LRM:  Are you one of those New Yorkers who hangs out at the West 3rd basketball courts to watch what’s going on?

Bart Freundlich:  I do it sometimes. When I pass by, if there’s a game going on, I hang onto that fence for a while, for sure. I’m 47 now so I don’t play as much, although I do have a couple regular games every week, but I grew up playing outside at all the playgrounds, and experienced similar things to what my character experiences, but of course, I made him better on the court.

LRM: How did you find Taylor to play Anthony? He’s a solid dramatic actor in his scenes with Michael Shannon and Carla Gugino, but he’s also great on the court as well, and seems very agile and able.

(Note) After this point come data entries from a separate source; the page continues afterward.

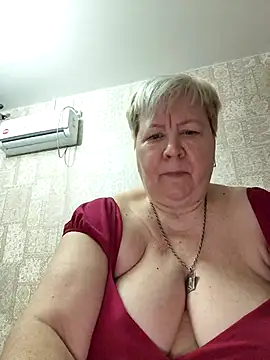 Snapshot of EffectFiona chatting on November 30, 2025, 1:39 am EffectFiona online show from November 30, 2025, 1:39 am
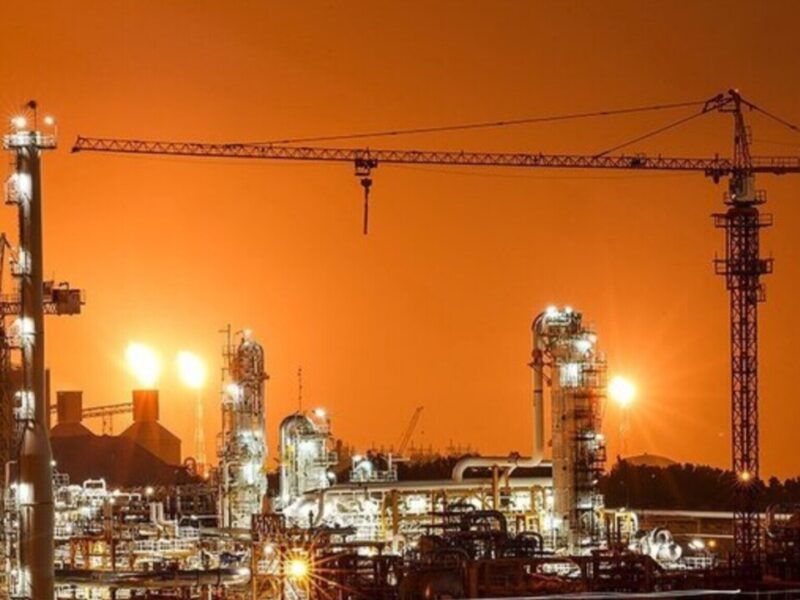 در حمله به پتروشیمی‌ها چه کسی بیشتر ضرر کرد؟/ مقایسه خسارت وارد شده به پتروشیمی‌های ایران و دیگر کشورها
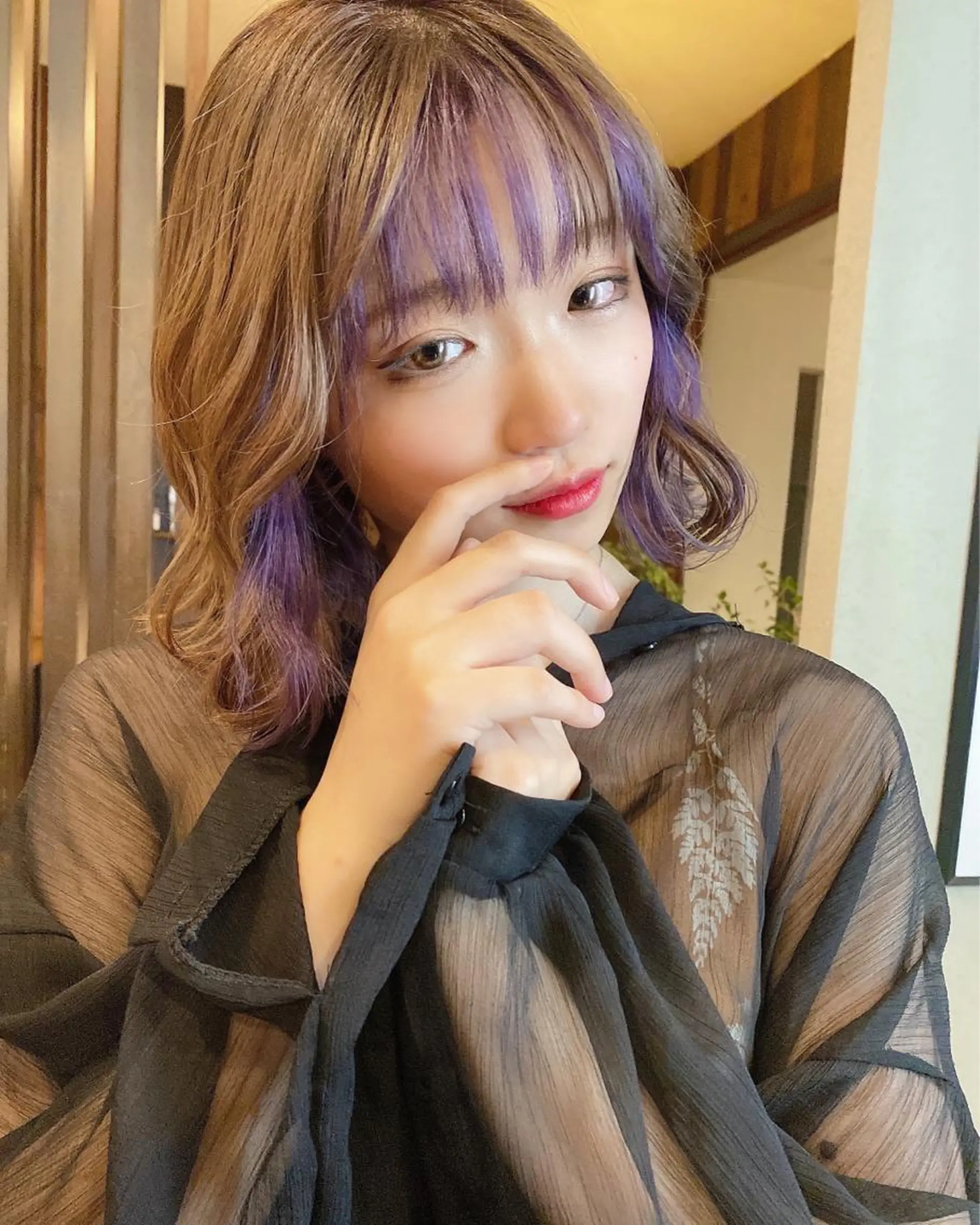 ミディアム カラー ミストバング  フェイスフレーミング ラベンダーカラー パープルカラー ヘアカラー トリートメント 具志 正太のヘアスタイル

Bart Freundlich: I got so lucky. I decided that the character, Anthony, that he plays, was the key to this film. To get someone who could do it and portray the depth and fragility and vulnerability of that character AND could play basketball and that he could win. That took about 200 auditions, and Taylor came in and read, and he’s fearless as an actor, he’s fearless. You could watch him working with Mike and Carla, and I’m sure that he has nerves, but he’s just about the work, and it’s very unusual to find that in a young actor. He would just throw himself with total abandonment and trust into every scene, and I think he trusted and certainly grew very close with Mike and Carla, and he entrusted them with everything he was doing in each scene.  I find a lot of young actors feel they need to dictate everything, but he would just learn to be, and then on the basketball front he actually trained for about six months with a guy who runs a program, and he trained him day and night so that he could get ready for the role. 

LRM: The movie has a great energy because of the basketball, but also the dramatic scenes have an energy, so what was your approach to doing a scene with the three of them, specifically?

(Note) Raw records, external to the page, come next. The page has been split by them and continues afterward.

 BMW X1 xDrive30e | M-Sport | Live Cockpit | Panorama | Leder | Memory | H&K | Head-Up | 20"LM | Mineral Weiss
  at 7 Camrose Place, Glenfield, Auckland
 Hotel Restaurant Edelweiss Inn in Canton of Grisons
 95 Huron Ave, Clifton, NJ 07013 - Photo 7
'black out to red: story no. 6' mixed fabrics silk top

Bart Freundlich: Luckily, I think the best thing I did was cast it.  I mean, write it the way I wanted to and then pay attention to the script and then cast it really well with people who got it. So going into it, I understood this wasn’t going to be about pre-crafting the performances. This was going to be these actors taking it apart and internalizing them and giving me the gift of making these people even deeper than I ever imagined. My main approach was to be really clear with myself going into every scene about what was going on, and then to just not stop until we got it. Another approach was to not be intimidated, to speak my mind about what I wanted and also try to be open to the really, really unusual fantastic ideas that particularly Mike and Carla were bringing to it. So I guess the real answer is focus. It was pure focus to try not to get caught up in the mental rush of moviemaking and try to stay on the story at every given moment.

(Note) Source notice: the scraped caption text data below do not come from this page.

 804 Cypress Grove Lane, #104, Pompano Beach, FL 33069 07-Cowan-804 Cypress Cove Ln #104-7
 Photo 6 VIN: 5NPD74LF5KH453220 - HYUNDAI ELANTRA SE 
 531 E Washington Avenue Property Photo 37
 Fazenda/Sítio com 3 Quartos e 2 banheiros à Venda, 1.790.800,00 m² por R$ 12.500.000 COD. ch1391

LRM: As far as the basketball scenes, did you have any idea how you wanted to shoot them? You had the games in the auditoriums but then you also had playing in the street courts. How did you approach shooting those?

Bart Freundlich: We choreographed all of those, although in fact, we didn’t have a long rehearsal process for the dramatic scenes in the movie, but we rehearsed the basketball for about a month and a half probably before we started shooting. We had every play designed and every camera movement to go with it designed, because we understood that with our budget we would have time constraints. It was also very important to create what I hoped would be the authenticity of the people playing on the local court being able to know how to play but also what was going on in every game was something very indicative and expressive of what Anthony is going through emotionally. It wasn’t just basketball.

In the quarter final, he defers to his friend and passes him the ball and that kind of becomes an indication of where he is as a character, and then in the next game, he gets overly-aggressive and shoots when he shouldn’t shoot. It was just really important, just like in the dramatic scenes, to be very clear on what was where and where Anthony was emotionally, because that’s what’s needed in the whole movie, but to be able to do that and execute the basketball was very challenging and unbelievably rewarding because we managed to do it, but it took a lot of preparation. 

LRM: You got a lot of great shots, both in terms of the camerawork, but also the basketball shots. Was a lot of that just having them taking the shots until they got them?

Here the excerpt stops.